Memory (plus a recipe)


Memory – if we lose our memories, we lose a large portion of ourselves. We lose many of the things that make life worth living for many of us – like our independence. We can’t remember stories. We float on a strange ocean – an everlasting present. Is it early or late winter? Is it fall or spring? Maybe we have an impression, but we’re not sure.


Over the past decade my sister and I have experienced our mother’s increasing heart-related memory loss. A couple of years ago, my sister started taking our mother to a naturopath, in addition to following traditional medical advice. I’d love to report total rejuvenation. I can’t. On the other hand, I can report that, instead of continuing the expected downward slide, our mother has not only stabilized, but especially over the past year, has improved, one tiny bit after another. On top of that, she’s gone from 7 heart medications to one. (Lots of supplements, on the other hand!!)
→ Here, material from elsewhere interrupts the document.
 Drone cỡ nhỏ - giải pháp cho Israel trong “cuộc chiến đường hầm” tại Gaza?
I don’t have any medical training. Neither does my sister. So nothing I say is to be taken as medical advice. Plus, each person is different.


So what do I have for you? I’m going to start with a recipe that is supposed to be good for memory. My mother also gets supplements, a green smoothie, etc. But this is a start.
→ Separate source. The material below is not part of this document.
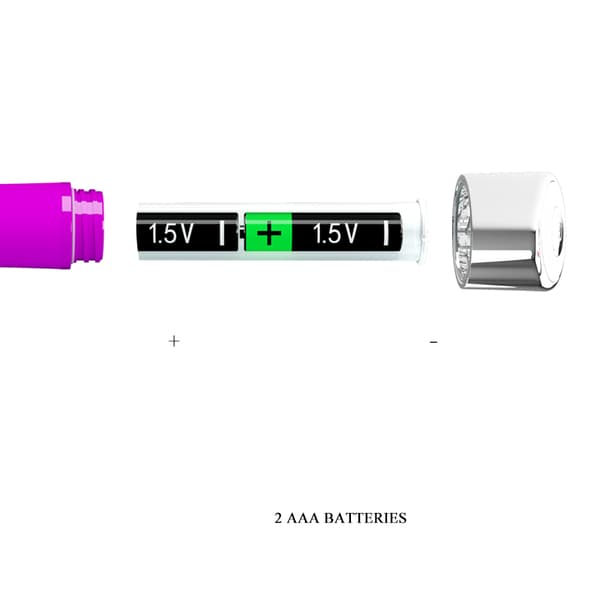 PRETTY LOVE Randolph, 12 vibrationsfunktioner Hukommelsesfunktion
If you go online, on lots of sites you will hear big praise for coconut oil. Here’s what it says on Mercola, one of my favorite health sites: Coconut oil is one of the healthiest fats you can eat, as it contains about 66 percent medium-chain triglycerides (MCTs).


The central ingredient of the recipe is a 100% MCT oil, made from coconut oil and/or palm kernel oil. If you don’t have access to this oil, or find it too expensive, use 1.5 times as much coconut oil to get the same amount of MCTs. (If you have access to a Costco, they have an organic, virgin, cold-pressed coconut oil that is amazingly inexpensive.)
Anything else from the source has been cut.